── Data ──

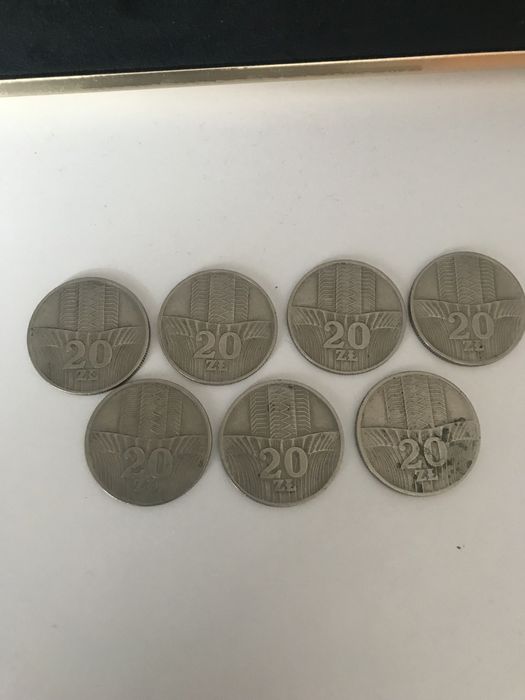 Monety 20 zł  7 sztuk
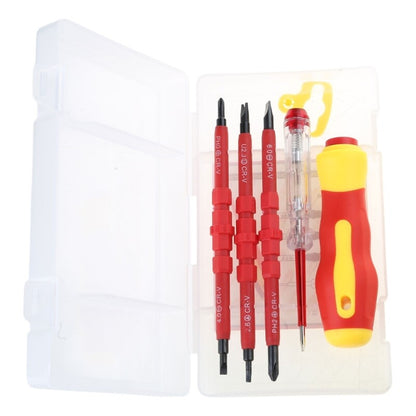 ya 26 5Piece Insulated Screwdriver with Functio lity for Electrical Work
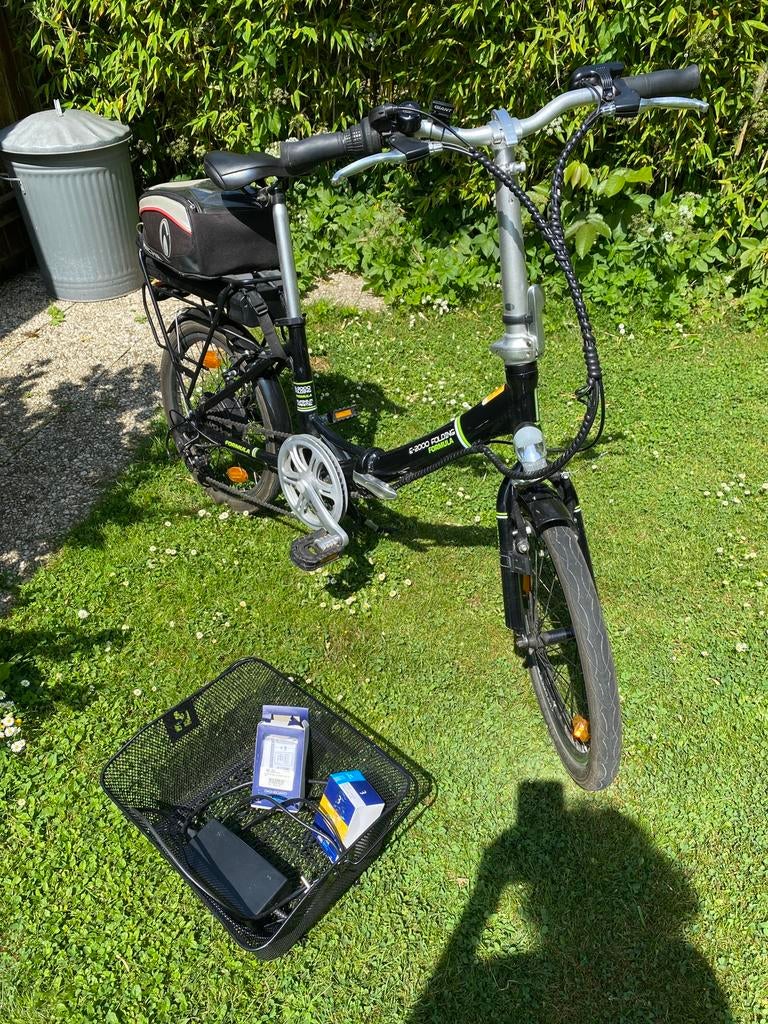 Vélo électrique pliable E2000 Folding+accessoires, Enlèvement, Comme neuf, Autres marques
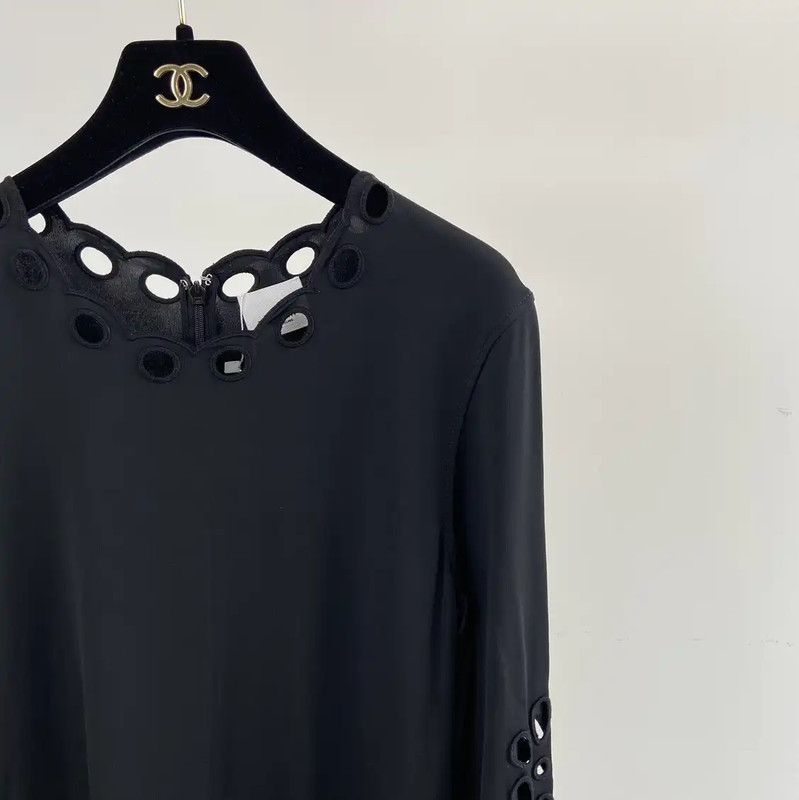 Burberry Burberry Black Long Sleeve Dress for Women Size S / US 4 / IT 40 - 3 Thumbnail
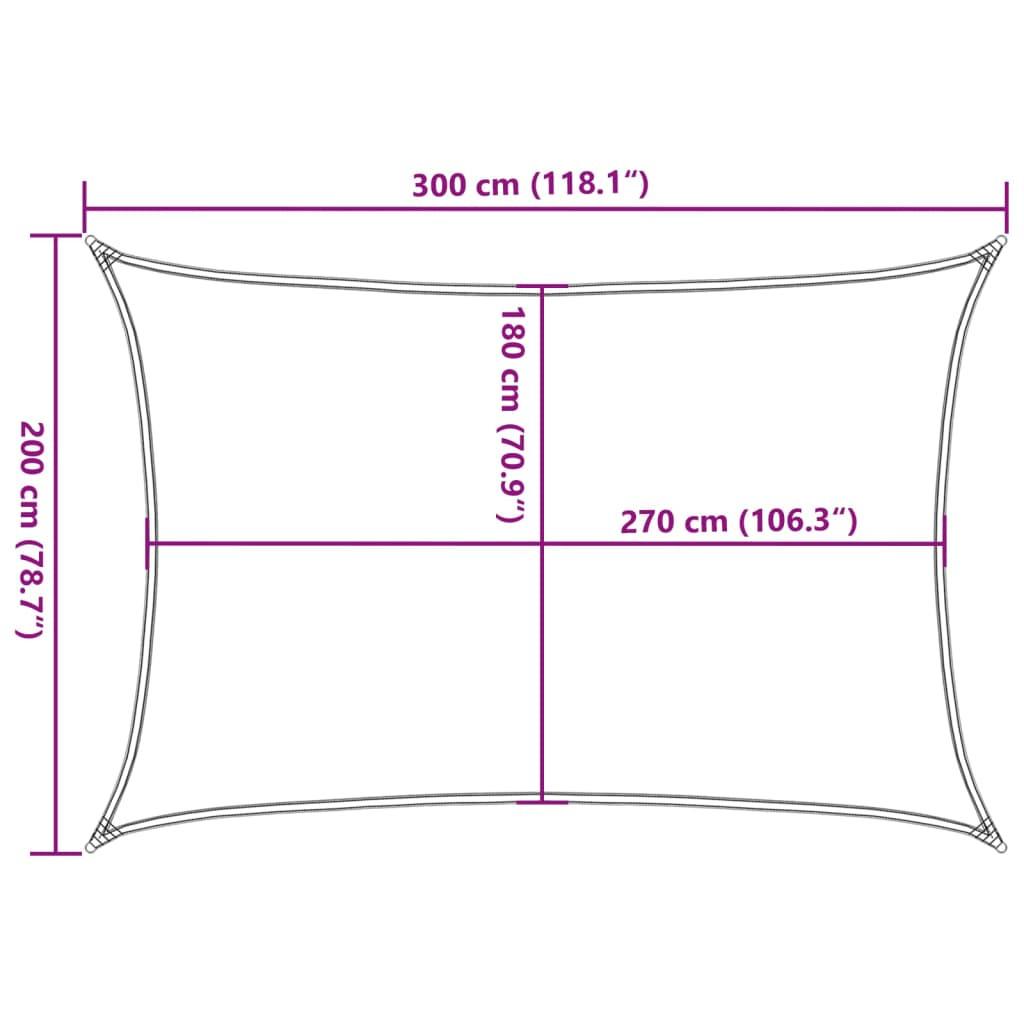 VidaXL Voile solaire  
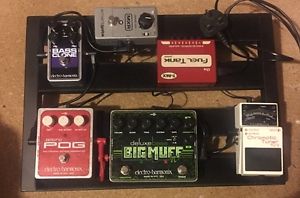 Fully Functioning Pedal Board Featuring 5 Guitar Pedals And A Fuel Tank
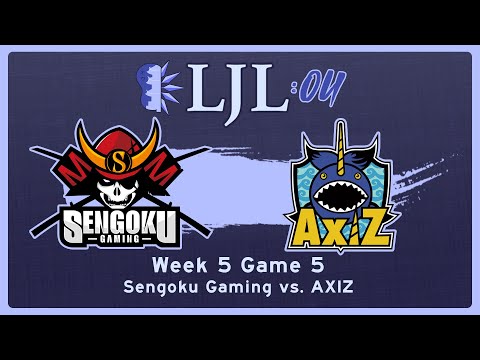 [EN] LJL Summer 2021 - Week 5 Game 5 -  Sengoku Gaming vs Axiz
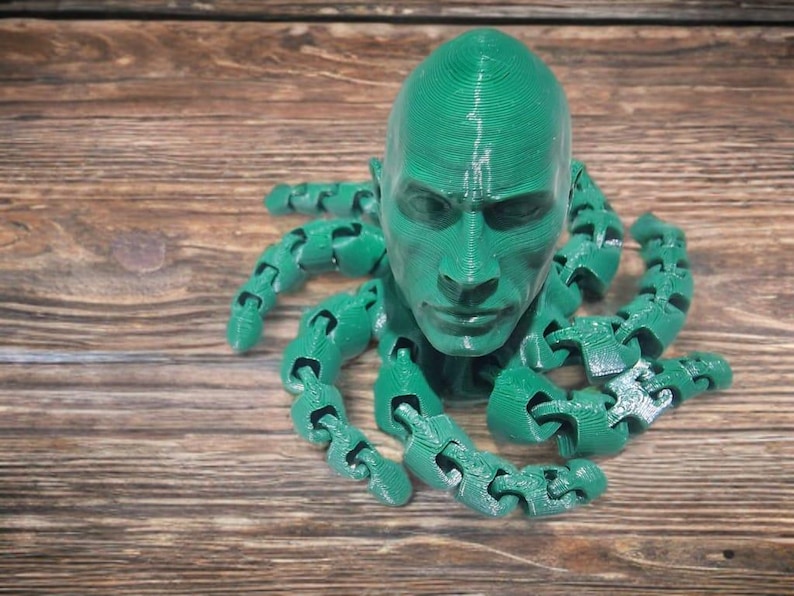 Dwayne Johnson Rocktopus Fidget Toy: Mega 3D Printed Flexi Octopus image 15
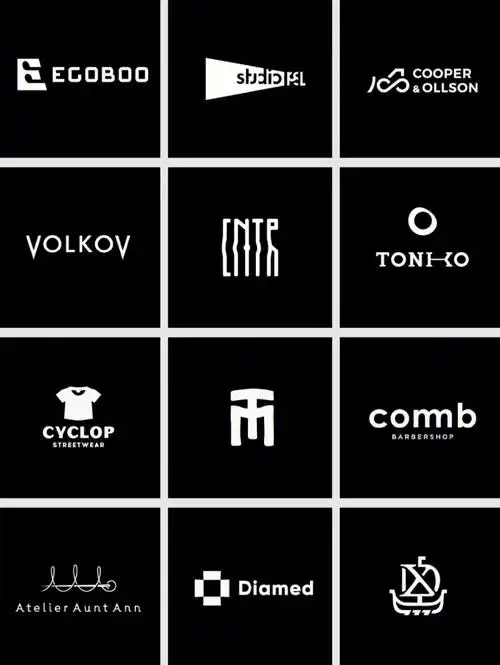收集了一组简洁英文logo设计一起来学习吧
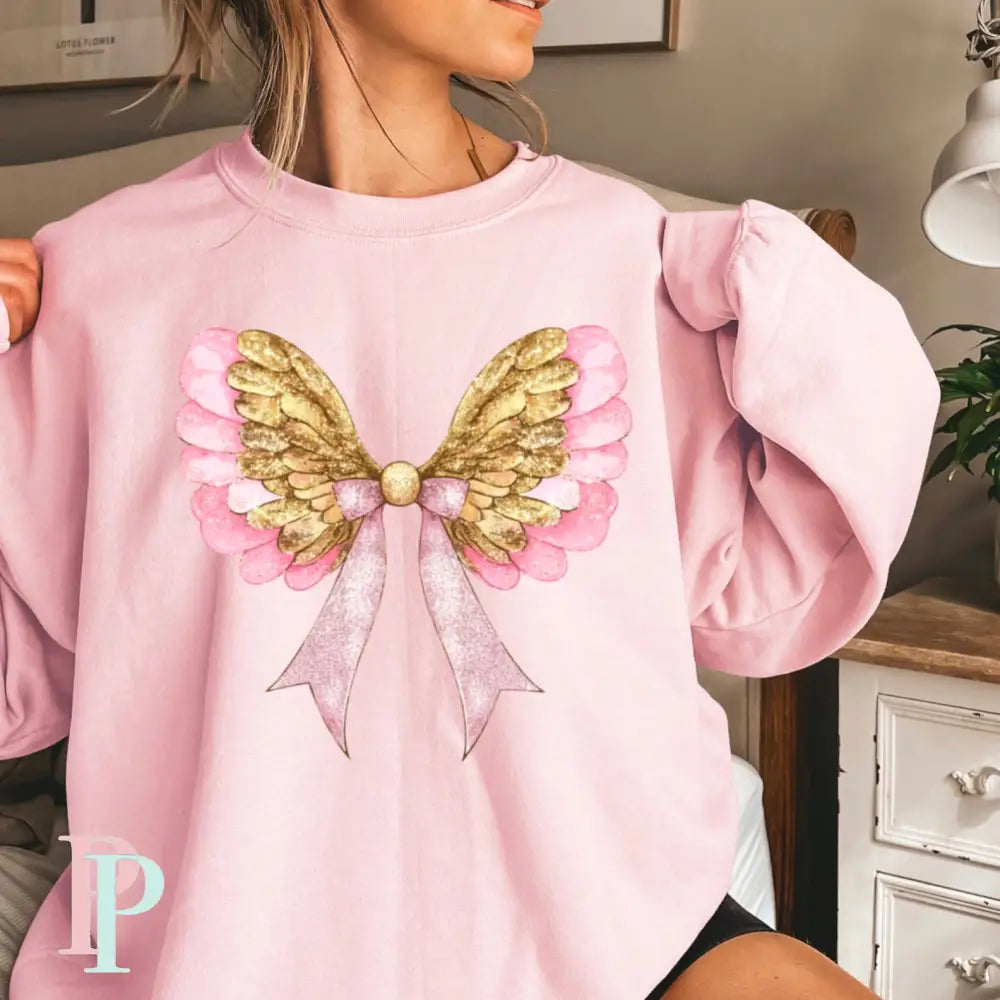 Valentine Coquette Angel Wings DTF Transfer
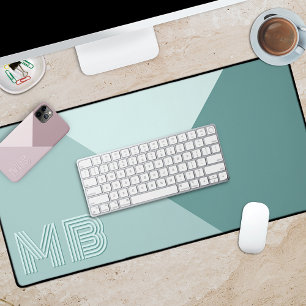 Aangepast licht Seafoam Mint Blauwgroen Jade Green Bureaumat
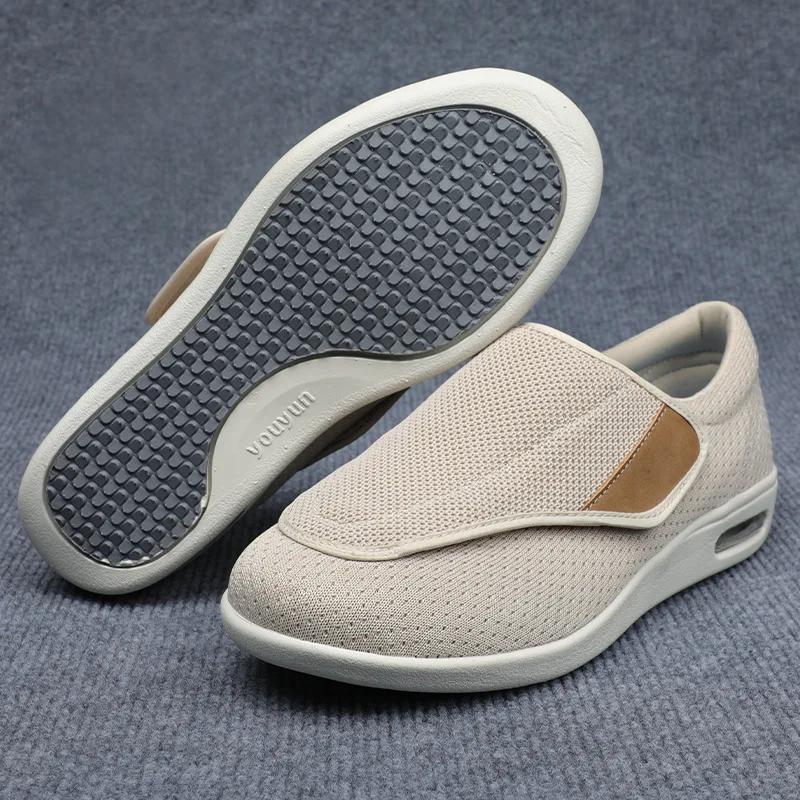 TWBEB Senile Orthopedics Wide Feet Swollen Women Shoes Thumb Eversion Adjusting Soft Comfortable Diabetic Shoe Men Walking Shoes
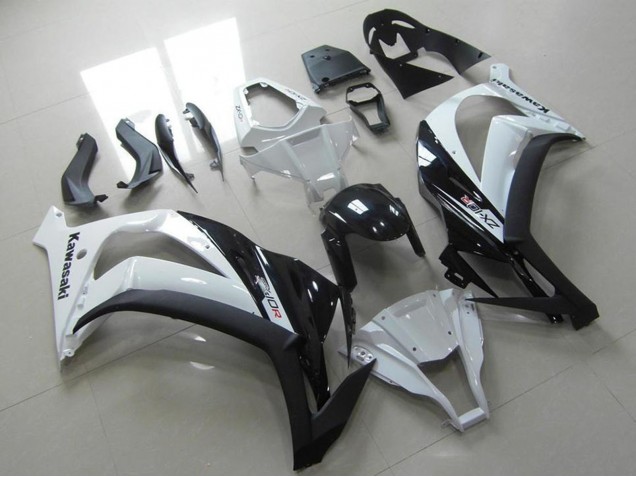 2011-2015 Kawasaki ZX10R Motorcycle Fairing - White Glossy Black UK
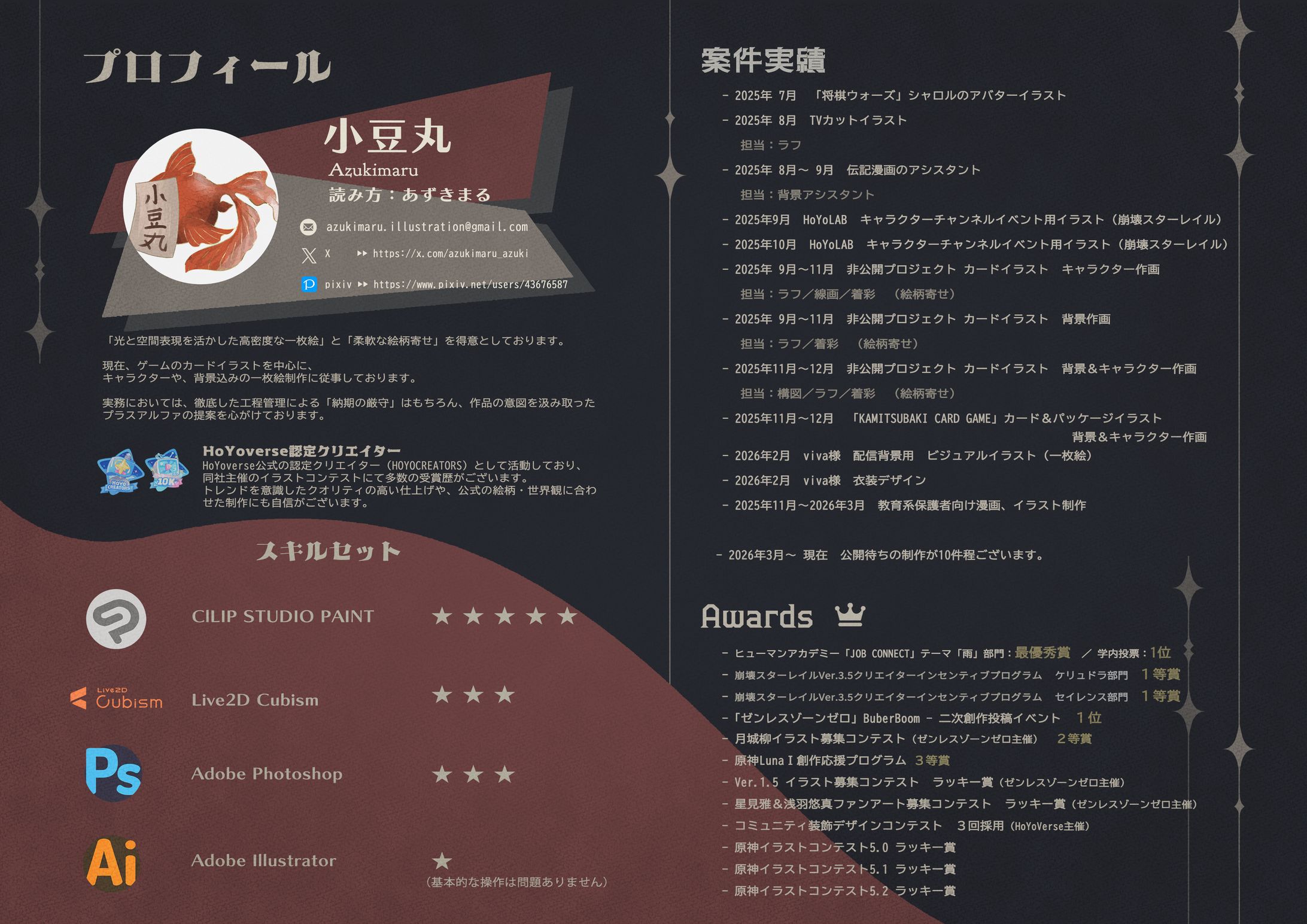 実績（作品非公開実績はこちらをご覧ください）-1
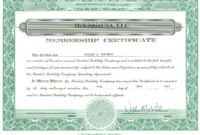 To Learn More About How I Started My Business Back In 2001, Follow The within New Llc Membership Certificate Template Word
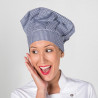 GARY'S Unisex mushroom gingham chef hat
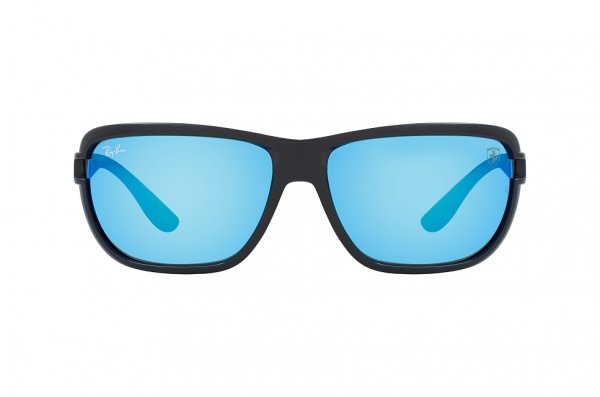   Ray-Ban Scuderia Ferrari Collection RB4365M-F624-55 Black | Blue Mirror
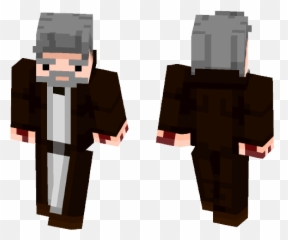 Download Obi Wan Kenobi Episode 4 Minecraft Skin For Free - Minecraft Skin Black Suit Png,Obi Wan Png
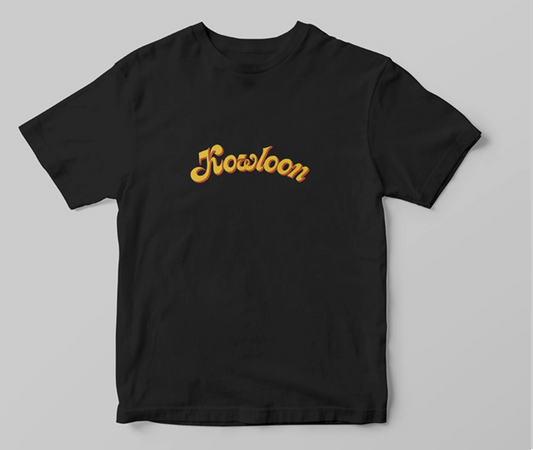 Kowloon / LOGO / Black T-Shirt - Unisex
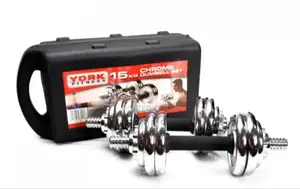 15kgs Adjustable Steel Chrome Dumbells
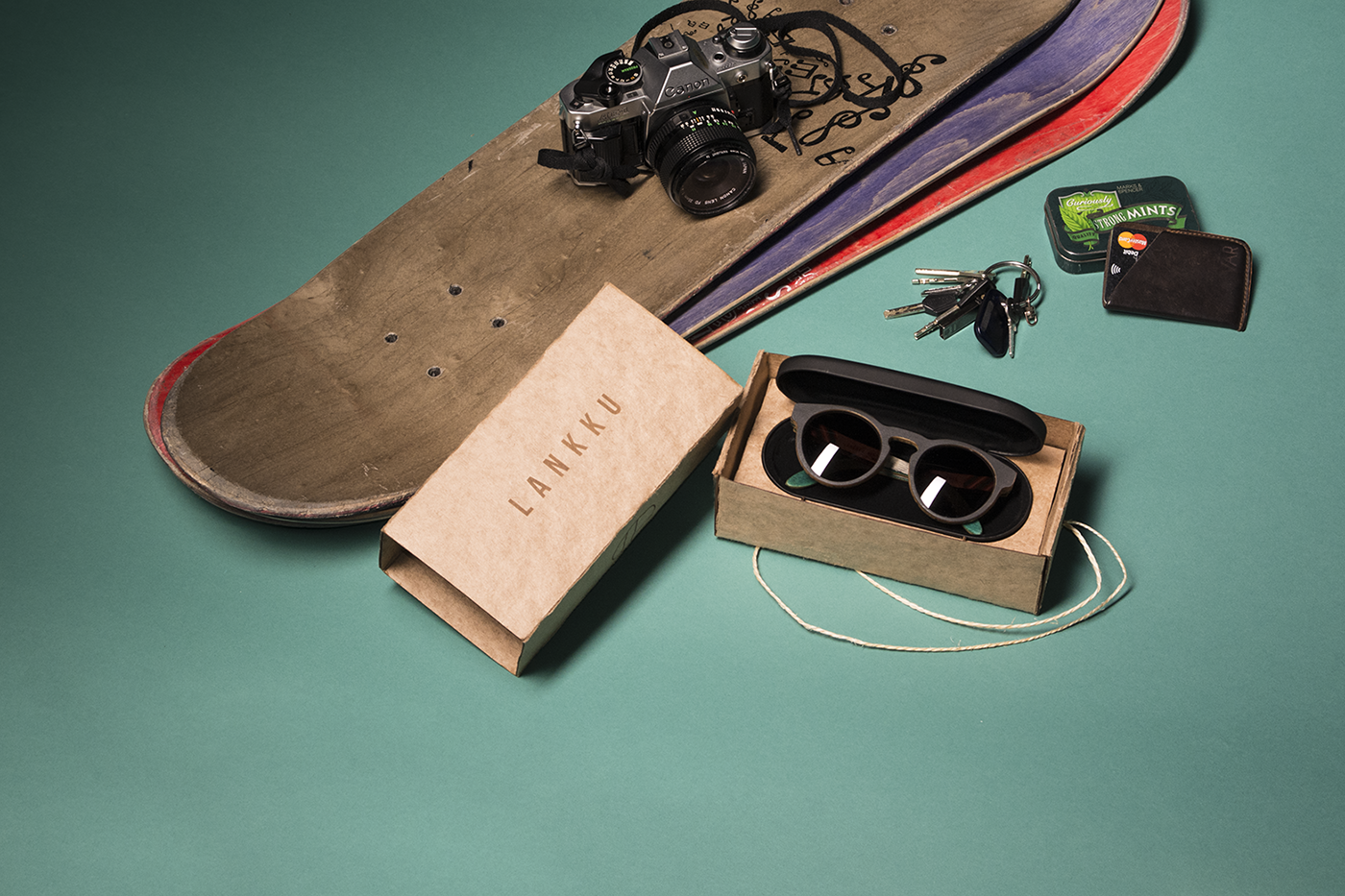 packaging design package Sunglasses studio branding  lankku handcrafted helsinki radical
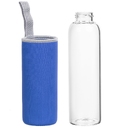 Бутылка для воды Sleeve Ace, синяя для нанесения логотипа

───

Directions:
Repeat the records above exactly, from the first line through the line that contains "Valentine Coquette Angel Wings DTF Transfer", and leave out the pictures.

Solution to the exercise:
 Monety 20 zł  7 sztuk
 ya 26 5Piece Insulated Screwdriver with Functio lity for Electrical Work
 Vélo électrique pliable E2000 Folding+accessoires, Enlèvement, Comme neuf, Autres marques
 Burberry Burberry Black Long Sleeve Dress for Women Size S / US 4 / IT 40 - 3 Thumbnail
 VidaXL Voile solaire  
 Fully Functioning Pedal Board Featuring 5 Guitar Pedals And A Fuel Tank
 [EN] LJL Summer 2021 - Week 5 Game 5 -  Sengoku Gaming vs Axiz
 Dwayne Johnson Rocktopus Fidget Toy: Mega 3D Printed Flexi Octopus image 15
收集了一组简洁英文logo设计一起来学习吧
 Valentine Coquette Angel Wings DTF Transfer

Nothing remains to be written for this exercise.